_MATERIAL TO PROCESS_
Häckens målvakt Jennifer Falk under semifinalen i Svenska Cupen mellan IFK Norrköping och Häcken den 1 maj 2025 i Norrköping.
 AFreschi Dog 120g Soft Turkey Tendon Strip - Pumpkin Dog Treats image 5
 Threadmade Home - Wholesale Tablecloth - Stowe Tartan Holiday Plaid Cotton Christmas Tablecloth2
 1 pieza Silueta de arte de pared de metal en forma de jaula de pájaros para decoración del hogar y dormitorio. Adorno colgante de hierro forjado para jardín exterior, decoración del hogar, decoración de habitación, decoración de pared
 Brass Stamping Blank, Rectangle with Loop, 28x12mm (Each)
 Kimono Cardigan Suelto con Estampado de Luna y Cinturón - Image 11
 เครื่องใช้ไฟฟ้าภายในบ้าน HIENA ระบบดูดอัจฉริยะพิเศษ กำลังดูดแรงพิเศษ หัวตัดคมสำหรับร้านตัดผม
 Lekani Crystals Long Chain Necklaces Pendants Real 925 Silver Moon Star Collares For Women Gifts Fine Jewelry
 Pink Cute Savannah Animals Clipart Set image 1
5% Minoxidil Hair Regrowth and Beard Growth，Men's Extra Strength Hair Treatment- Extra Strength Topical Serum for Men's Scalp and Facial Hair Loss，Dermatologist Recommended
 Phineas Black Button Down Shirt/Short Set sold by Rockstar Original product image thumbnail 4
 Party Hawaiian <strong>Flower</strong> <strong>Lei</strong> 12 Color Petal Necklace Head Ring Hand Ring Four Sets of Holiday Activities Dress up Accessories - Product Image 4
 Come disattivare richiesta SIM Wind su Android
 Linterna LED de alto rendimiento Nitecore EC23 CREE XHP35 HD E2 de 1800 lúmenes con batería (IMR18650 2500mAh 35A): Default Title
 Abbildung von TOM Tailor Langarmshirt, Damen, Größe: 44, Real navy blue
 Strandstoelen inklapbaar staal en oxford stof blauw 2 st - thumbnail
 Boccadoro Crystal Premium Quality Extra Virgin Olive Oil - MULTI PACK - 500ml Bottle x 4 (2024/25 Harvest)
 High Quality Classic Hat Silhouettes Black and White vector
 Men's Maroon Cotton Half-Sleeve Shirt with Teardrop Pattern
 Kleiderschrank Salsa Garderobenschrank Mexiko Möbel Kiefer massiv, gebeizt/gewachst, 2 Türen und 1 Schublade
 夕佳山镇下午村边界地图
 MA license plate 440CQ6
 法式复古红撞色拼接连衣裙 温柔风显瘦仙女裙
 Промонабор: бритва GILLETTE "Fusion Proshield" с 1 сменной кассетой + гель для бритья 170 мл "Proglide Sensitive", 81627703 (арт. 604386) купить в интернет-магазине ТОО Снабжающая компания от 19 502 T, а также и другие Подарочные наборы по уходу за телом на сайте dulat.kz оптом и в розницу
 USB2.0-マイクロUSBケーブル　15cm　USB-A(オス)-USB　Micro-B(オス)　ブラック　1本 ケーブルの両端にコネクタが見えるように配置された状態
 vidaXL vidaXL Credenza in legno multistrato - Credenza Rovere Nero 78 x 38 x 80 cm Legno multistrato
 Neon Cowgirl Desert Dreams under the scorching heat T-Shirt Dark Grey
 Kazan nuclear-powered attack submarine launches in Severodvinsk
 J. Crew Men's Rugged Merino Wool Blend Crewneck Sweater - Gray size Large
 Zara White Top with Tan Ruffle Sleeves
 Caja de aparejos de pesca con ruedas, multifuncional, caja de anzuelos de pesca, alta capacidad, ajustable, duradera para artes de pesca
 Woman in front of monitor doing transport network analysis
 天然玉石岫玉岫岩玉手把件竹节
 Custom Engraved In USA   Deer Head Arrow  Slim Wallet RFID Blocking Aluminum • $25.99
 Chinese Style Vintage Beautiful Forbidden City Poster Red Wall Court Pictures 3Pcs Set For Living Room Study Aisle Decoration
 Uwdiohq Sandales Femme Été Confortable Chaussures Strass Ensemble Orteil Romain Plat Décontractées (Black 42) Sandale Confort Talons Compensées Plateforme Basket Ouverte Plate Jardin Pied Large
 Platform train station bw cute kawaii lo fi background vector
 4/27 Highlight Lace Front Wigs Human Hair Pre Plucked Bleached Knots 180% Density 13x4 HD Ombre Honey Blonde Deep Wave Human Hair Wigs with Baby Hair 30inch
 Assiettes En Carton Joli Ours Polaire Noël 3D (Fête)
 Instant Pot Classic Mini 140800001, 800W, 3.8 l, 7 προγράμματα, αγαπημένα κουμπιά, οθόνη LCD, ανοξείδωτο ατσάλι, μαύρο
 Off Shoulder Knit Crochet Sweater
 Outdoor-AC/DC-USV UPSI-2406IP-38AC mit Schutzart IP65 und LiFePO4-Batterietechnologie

_DIRECTIONS FOR THIS TASK_
All of the records above must be reproduced exactly.

_TASK ANSWER_
Häckens målvakt Jennifer Falk under semifinalen i Svenska Cupen mellan IFK Norrköping och Häcken den 1 maj 2025 i Norrköping.
 AFreschi Dog 120g Soft Turkey Tendon Strip - Pumpkin Dog Treats image 5
 Threadmade Home - Wholesale Tablecloth - Stowe Tartan Holiday Plaid Cotton Christmas Tablecloth2
 1 pieza Silueta de arte de pared de metal en forma de jaula de pájaros para decoración del hogar y dormitorio. Adorno colgante de hierro forjado para jardín exterior, decoración del hogar, decoración de habitación, decoración de pared
 Brass Stamping Blank, Rectangle with Loop, 28x12mm (Each)
 Kimono Cardigan Suelto con Estampado de Luna y Cinturón - Image 11
 เครื่องใช้ไฟฟ้าภายในบ้าน HIENA ระบบดูดอัจฉริยะพิเศษ กำลังดูดแรงพิเศษ หัวตัดคมสำหรับร้านตัดผม
 Lekani Crystals Long Chain Necklaces Pendants Real 925 Silver Moon Star Collares For Women Gifts Fine Jewelry
 Pink Cute Savannah Animals Clipart Set image 1
5% Minoxidil Hair Regrowth and Beard Growth，Men's Extra Strength Hair Treatment- Extra Strength Topical Serum for Men's Scalp and Facial Hair Loss，Dermatologist Recommended
 Phineas Black Button Down Shirt/Short Set sold by Rockstar Original product image thumbnail 4
 Party Hawaiian <strong>Flower</strong> <strong>Lei</strong> 12 Color Petal Necklace Head Ring Hand Ring Four Sets of Holiday Activities Dress up Accessories - Product Image 4
 Come disattivare richiesta SIM Wind su Android
 Linterna LED de alto rendimiento Nitecore EC23 CREE XHP35 HD E2 de 1800 lúmenes con batería (IMR18650 2500mAh 35A): Default Title
 Abbildung von TOM Tailor Langarmshirt, Damen, Größe: 44, Real navy blue
 Strandstoelen inklapbaar staal en oxford stof blauw 2 st - thumbnail
 Boccadoro Crystal Premium Quality Extra Virgin Olive Oil - MULTI PACK - 500ml Bottle x 4 (2024/25 Harvest)
 High Quality Classic Hat Silhouettes Black and White vector
 Men's Maroon Cotton Half-Sleeve Shirt with Teardrop Pattern
 Kleiderschrank Salsa Garderobenschrank Mexiko Möbel Kiefer massiv, gebeizt/gewachst, 2 Türen und 1 Schublade
 夕佳山镇下午村边界地图
 MA license plate 440CQ6
 法式复古红撞色拼接连衣裙 温柔风显瘦仙女裙
 Промонабор: бритва GILLETTE "Fusion Proshield" с 1 сменной кассетой + гель для бритья 170 мл "Proglide Sensitive", 81627703 (арт. 604386) купить в интернет-магазине ТОО Снабжающая компания от 19 502 T, а также и другие Подарочные наборы по уходу за телом на сайте dulat.kz оптом и в розницу
 USB2.0-マイクロUSBケーブル　15cm　USB-A(オス)-USB　Micro-B(オス)　ブラック　1本 ケーブルの両端にコネクタが見えるように配置された状態
 vidaXL vidaXL Credenza in legno multistrato - Credenza Rovere Nero 78 x 38 x 80 cm Legno multistrato
 Neon Cowgirl Desert Dreams under the scorching heat T-Shirt Dark Grey
 Kazan nuclear-powered attack submarine launches in Severodvinsk
 J. Crew Men's Rugged Merino Wool Blend Crewneck Sweater - Gray size Large
 Zara White Top with Tan Ruffle Sleeves
 Caja de aparejos de pesca con ruedas, multifuncional, caja de anzuelos de pesca, alta capacidad, ajustable, duradera para artes de pesca
 Woman in front of monitor doing transport network analysis
 天然玉石岫玉岫岩玉手把件竹节
 Custom Engraved In USA   Deer Head Arrow  Slim Wallet RFID Blocking Aluminum • $25.99
 Chinese Style Vintage Beautiful Forbidden City Poster Red Wall Court Pictures 3Pcs Set For Living Room Study Aisle Decoration
 Uwdiohq Sandales Femme Été Confortable Chaussures Strass Ensemble Orteil Romain Plat Décontractées (Black 42) Sandale Confort Talons Compensées Plateforme Basket Ouverte Plate Jardin Pied Large
 Platform train station bw cute kawaii lo fi background vector
 4/27 Highlight Lace Front Wigs Human Hair Pre Plucked Bleached Knots 180% Density 13x4 HD Ombre Honey Blonde Deep Wave Human Hair Wigs with Baby Hair 30inch
 Assiettes En Carton Joli Ours Polaire Noël 3D (Fête)
 Instant Pot Classic Mini 140800001, 800W, 3.8 l, 7 προγράμματα, αγαπημένα κουμπιά, οθόνη LCD, ανοξείδωτο ατσάλι, μαύρο
 Off Shoulder Knit Crochet Sweater
 Outdoor-AC/DC-USV UPSI-2406IP-38AC mit Schutzart IP65 und LiFePO4-Batterietechnologie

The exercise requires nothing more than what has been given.